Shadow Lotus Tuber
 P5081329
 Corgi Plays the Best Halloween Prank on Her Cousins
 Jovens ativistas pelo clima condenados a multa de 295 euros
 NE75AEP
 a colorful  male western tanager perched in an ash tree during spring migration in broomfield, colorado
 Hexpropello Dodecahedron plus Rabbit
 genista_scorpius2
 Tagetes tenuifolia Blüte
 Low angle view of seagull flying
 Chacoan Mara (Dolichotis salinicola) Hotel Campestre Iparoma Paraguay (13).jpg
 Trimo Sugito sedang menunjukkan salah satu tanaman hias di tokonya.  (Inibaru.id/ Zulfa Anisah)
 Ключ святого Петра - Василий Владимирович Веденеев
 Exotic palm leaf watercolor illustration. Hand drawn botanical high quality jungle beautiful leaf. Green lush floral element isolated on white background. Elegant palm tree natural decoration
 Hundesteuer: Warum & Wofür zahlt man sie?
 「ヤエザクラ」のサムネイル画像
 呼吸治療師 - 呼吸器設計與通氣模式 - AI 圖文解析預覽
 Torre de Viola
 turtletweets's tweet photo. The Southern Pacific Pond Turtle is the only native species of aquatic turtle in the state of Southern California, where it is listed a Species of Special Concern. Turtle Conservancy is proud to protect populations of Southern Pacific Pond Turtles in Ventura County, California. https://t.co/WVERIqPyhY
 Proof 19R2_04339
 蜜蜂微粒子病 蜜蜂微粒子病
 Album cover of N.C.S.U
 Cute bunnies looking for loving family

▸ YOUR TASK
Among the lines above, find those that contain the word "tree" and copy them.

▸ TASK SOLUTION
 a colorful  male western tanager perched in an ash tree during spring migration in broomfield, colorado
 Exotic palm leaf watercolor illustration. Hand drawn botanical high quality jungle beautiful leaf. Green lush floral element isolated on white background. Elegant palm tree natural decoration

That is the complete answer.